By Craig Sailor
The News Tribune
A mysterious ailment that has killed or paralyzed sea gulls around the Port of Tacoma this week is baffling wildlife biologists.
About 50 sea gulls have been found dead or paralyzed from the neck down.
“We have never seen a situation like that,” said state Department of Fish and Wildlife biologist Michelle Tirhi. “It was a mystery to our biologists and veterinarians.”
Ill birds have been found in a seated position with only their heads moving.
“One could walk up to them and pick them up,” Tirhi said. “They can’t fly, they can’t walk, they can’t move.”
Port workers began finding dead and sick gulls Sunday night.
“By the time they got to work on the 23rd they were finding more dead and sick birds,” Tirhi said. “Ground zero for this mortality event was Port of Tacoma.”
Ill birds were found at three shipping terminals and other points around Commencement Bay, including Ruston Way, Browns Point, Point Defiance Park and as far north as Kent and Redondo Beach, according to Tirhi.
The mass die-off is affecting only glaucous gulls — the common sea gull.
“This is the thing that’s odd to us, they’re only gulls,” Wildlife spokeswoman Madonna Luers said of the fatalities.
Though other species, including crows and ducks, wing around the port, there have been no reports of other species affected.

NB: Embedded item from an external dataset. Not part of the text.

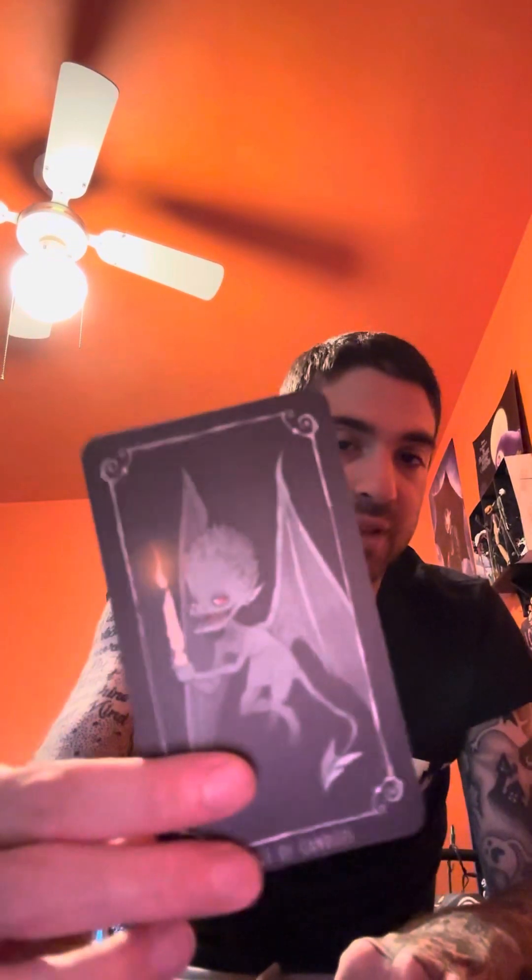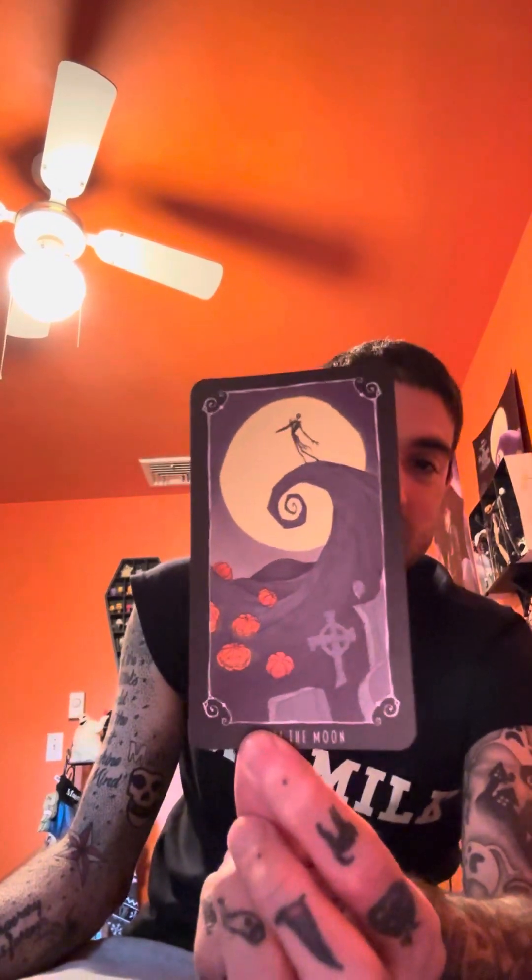These cards are just so detailed in so many ways. I'm surprised Hot Topic didn't have these — I've never seen tarot decks at Hot Topic. There's the Pumpkin King card — that one is awesome! I also like this one which looks like the intro of the movie with the trees when you go to Halloween Town and Christmas Town. Then there's the Spiral Hill with Jack Skellington and pumpkins on the bottom — that's awesome.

That could mean the gulls ate something that is causing the illness, Tirhi said.
“Perhaps no other species was attracted to it,” Tirhi said.
What that might have been is unknown.
Port of Tacoma spokeswoman Tara Mattina said there have been no recent contaminations.
“I can confirm that there was no spill of any sort,” she said.
Tirhi said the sick and ill birds were clean.
“They have no odor or anything discernible on their body,” she said.
Toxicology testing has ruled out lead poisoning and other heavy metals.
Sick birds are still being found. On Friday, Wildlife agency biologist Emily Butler picked up a sick gull at Owen Beach in Point Defiance Park.
It will join 19 others at PAWS Wildlife Center, an animal rehabilitation center in Lynnwood.
Staff members at PAWS have been nursing the birds back to health.
“A number of the gulls had significant breathing difficulties on arrival but have since stabilized with oxygen therapy,” said Dr. Bethany Groves, a wildlife veterinarian at PAWS.
No evidence of trauma has been found.
While some gulls are thin, others have a healthy body condition. That indicates a sudden onset of illness, Groves said.
“All of the gulls are undergoing intensive rehydration efforts, nutritional support and parasite treatment, in addition to daily veterinary exams and bloodwork,” she said.
Groves has seen mild improvements in strength but she couldn’t say whether the birds will fully recover.
Larus hyperboreus, the glaucous gull, is a large white and gray gull. Juvenile gulls are more likely to be all gray, according to the Cornell Lab of Ornithology.
The gulls have yellow bills with a distinctive red spot on the lower mandible. They breed in Arctic regions but travel as far south as California.
The Tacoma bird deaths are not the only mass avian die-off in the state.
An outbreak of avian cholera has killed about 500 birds in the past week at McNary National Wildlife Refuge along the Columbia River, just downstream from the Tri-Cities.
“At this point there seems to be no connection to that mortality event,” Tirhi said.